There are no absolutes in this saga. There is a problem with loose gun laws and equally with mental health. Washington is missing the bigger picture by attempting to address gun laws as a standalone issue without addressing mental health, according to Carolyn Reinach Wolf. She is a New York lawyer who runs the only mental health legal practice in the nation that works with schools to identify “red flag behavior” among students. Wolf explained unless the conversation changes America is sentenced to an encore. She stated:
We need to have a discussion about people with mental health issues and how we get them into treatment to lead more normal lives. In turn, I believe, there will be less acting out, less violence by definition. Think about it: someone who is mentally stable does not walk into an elementary school and shoot little children between the eyes. It just doesn’t happen.
The problem for many is the government does not appear to be making mental health issues, never mind the epidemic of suicide, much of a priority outside of the gun debate. While it is true that the law requires background checks for guns sold by federally licensed firearm dealers (FFLs), Americans can buy firearms through “private sales” in more than 40 states without undergoing any type of screening at all.
One study estimated that private transactions in the United States account for at least 40 percent of all gun sales. There are also studies which suggest that every year, about 18.2 percent of the total adult population in the United States (42.5 million) suffer from some mental illness, enduring conditions such as depression, schizophrenia or bipolar disorder.

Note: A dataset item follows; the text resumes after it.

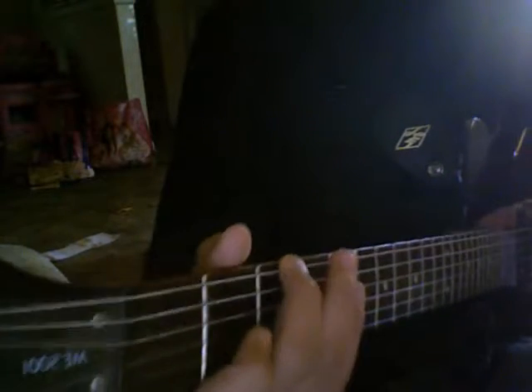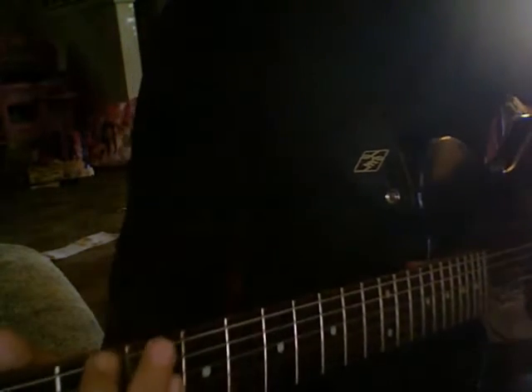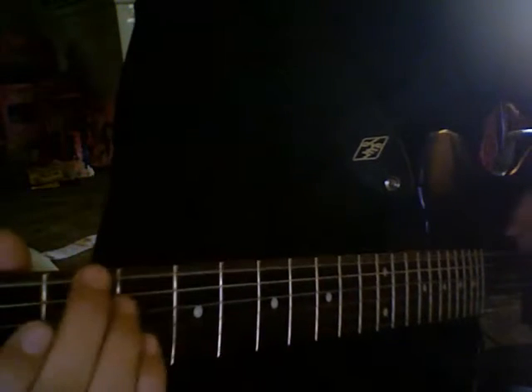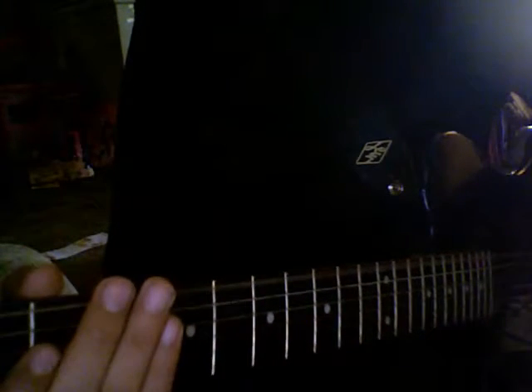Okay, so, third fret, top chord, and it's just open at the beginning. That's the beginning part, and then you do it again.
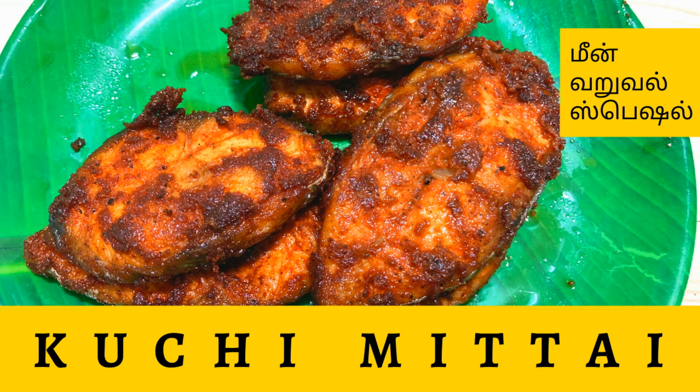Hi friends, welcome to our channel Puchy Mittal. Today we are going to eat fish fry.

As opposed to abandoning strong opinions for a more balanced conversation it seems society has collectively decided that an occasional massacre is okay. It is simply the price many are willing to pay for the freedom of their precious Second Amendment. Society is content to forfeit the lives of a few dozen students a year as long as they can keep their guns. The people have spoken, in a cheering civics-class example of democracy in action!
The truth is, however, it is not that cut and dry. It is a gray area which needs more dialogue on both sides. Yes, America’s federal firearms laws are weak and filled with loopholes, but mental illness is a definite issue which needs to be addressed so victims can receive the necessary treatment which will afford them the opportunity of a normal life. The American crisis at hand is a combination of mental illness and gun laws; unless the conversation finds balance a resolution will not be established leaving citizens, sane and insane, to suffer through more of the same.